Jusqu’à l’autodérision: quand le romancier patine, il fait diversion avec une anecdote sur Karl Lagerfeld.
Un petit coup de Lagerfeld, et ça repart, oui! En tout cas, même si quelqu’un n’aime pas mon livre, il apprendra plein de trucs sur ce destin incroyable.
«J’ai toujours cru aux vertus de l’humour»
Mais vous, avez-vous des bottes secrètes, comme l’artisan boucher en a pour ficeler son jambon?
J’adore cette image, car je ne suis pas l’«Écrivain littéraire». Moi, je n’ai pas écrit avant l’âge de 16 ans. Sans avoir jamais eu le sentiment que l’écriture s’apprenne, je la sais liée à un savoir-faire un peu étrange. C’est dans ce laboratoire romanesque que ce livre furète.
Avec la lucidité de douter: «Les gens vont-ils vraiment lire ça?»
Là, je vais à l’encontre de mon parcours.
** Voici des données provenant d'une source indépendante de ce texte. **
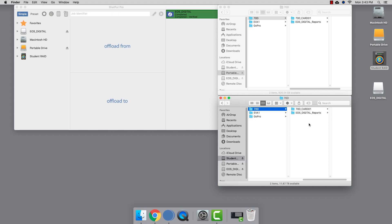If you're interested in learning more about how to use Shotput Pro, check out our video on using Shotput Pro with presets in the link below.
Prenez «La délicatesse», qui a dépassé le million d’exemplaires. Si j’avais été obsédé par la rentabilité, le succès, je me serais répété. Au contraire, j’ai toujours eu besoin de me réinventer ailleurs, dans des allers-retours vers la légèreté. Quand j’écris «Charlotte», poétique, sombre, je pensais même que mes lecteurs ne suivraient pas.
Reste que vous restez en connivence avec le lecteur, plus qu’avec les critiques qui «massacrent».
J’ai toujours cru aux vertus de l’humour. Je pousse à fond le gag de l’auteur obligé de parler de lui car il n’a pas le choix et qui finit débordé par ses créatures. Cette énergie du risible me plaisait, jusqu’à mettre en scène la méchanceté un peu gratuite dont «Le masque et la plume» a pu user contre moi ou Joël Dicker, Olivier Adam. Quant à la connivence entre le lecteur et l’auteur, c’est à mi-chemin que le livre se crée.
«La famille Martin», Éd. Gallimard, 240 p.